I came up with a simple game using a standard 52-card deck. This is a 1-on-1 game involving a player and a dealer.
The rules are as follows.
- Player makes a bet.
- One card is dealt to the player.
- One card is dealt to the dealer.
- If the player's card is higher than the dealer's, player is paid 1:1. If not player loses their bet.
I did the numbers to determine if the house edge is acceptable. There are $52\times 51=2652$ total possible deals. The number of cases the player wins can be found by subtracting all ties(in which the player loses) then dividing it by half. Pick one of the $13$ ranks, and assign one suit to player and another to dealer. Thus the number of ties is $13\times 4\times 3=156$. The player wins $\frac{2652-156}{2}=1248$ cases. So the probability of the player winning is $\frac{1248}{2652}\times 100\approx 47.0588\%$. So it is a feasible game.
I sat down with my friends and played this game. Because we are lazy we decided not to shuffle the deck after every single deal. This meant that the deck gets shorter as cards are used. I wondered whether this benefited the player or the house. So I calculated the probability of the player winning after one deal. Now that $50$ cards are left in the deck there are $50\times 49=2450$ possible deals. There are two cases: whether the first deal was a tie or not.
First deal was a tie
- There are 12 ranks that still have 4 suits and one rank 2 suits. $12\times 4\times 3 + 1\times 2\times 1 = 146$. $\frac{2450-146}{2}=1152$ wins. $\frac{1152}{2450}\times 100\approx 47.0204\%$.
First deal was not a tie
- 11 ranks have 4 suits left while 2 ranks 3 suits. $11\times 4\times 3 + 2\times 3\times 2 = 144$. $\frac{2450-144}{2}=1153$ wins. $\frac{1153}{2450}\times 100\approx 47.0612\%$.

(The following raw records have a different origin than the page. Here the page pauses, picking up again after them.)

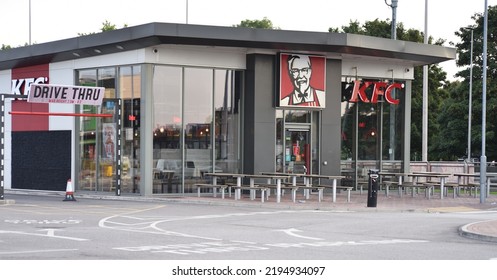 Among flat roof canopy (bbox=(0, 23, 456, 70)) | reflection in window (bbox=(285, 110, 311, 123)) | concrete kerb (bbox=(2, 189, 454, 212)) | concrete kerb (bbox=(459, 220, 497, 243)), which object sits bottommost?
concrete kerb (bbox=(2, 189, 454, 212))

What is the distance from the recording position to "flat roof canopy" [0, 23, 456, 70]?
2856 centimetres

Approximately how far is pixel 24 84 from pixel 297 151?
11918 millimetres

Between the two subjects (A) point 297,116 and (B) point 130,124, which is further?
(A) point 297,116

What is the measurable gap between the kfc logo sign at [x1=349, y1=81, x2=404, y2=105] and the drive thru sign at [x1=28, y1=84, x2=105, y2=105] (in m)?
10.3

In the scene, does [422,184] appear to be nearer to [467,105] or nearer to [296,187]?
[296,187]

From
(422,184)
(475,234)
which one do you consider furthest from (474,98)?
(475,234)

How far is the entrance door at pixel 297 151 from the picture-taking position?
3219 cm

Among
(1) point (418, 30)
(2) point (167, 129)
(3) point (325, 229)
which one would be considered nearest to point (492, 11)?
(1) point (418, 30)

Notice how the probability tilts against the player very slightly if the first deal was a tie and in favor of if not a tie. Now let's find the expected win rate.
- First deal was a tie: $\frac{156}{2652}\times\frac{1152}{2450}$
- First deal was not a tie: $\frac{2496}{2652}\times\frac{1153}{2450}$
When I added the two together I got $47.0588\%$. Thinking the difference between the first deal and the second was within my calculator's precision, I multiplied both by $2652\times 2450$.
- First deal win: $1248\times 2450 = 3057600$
- Second deal win: $156\times 1152 + 2496\times 1153 = 3057600$
No, it was not a precision problem. Surprisingly the expected value was exactly the same. I intuitively thought after a deal it would be closer to 50%. Would the expected house edge stay the same until the final, 26th deal? Or will it change after enough deals? Am I missing something that could easily show that the expected value never changes?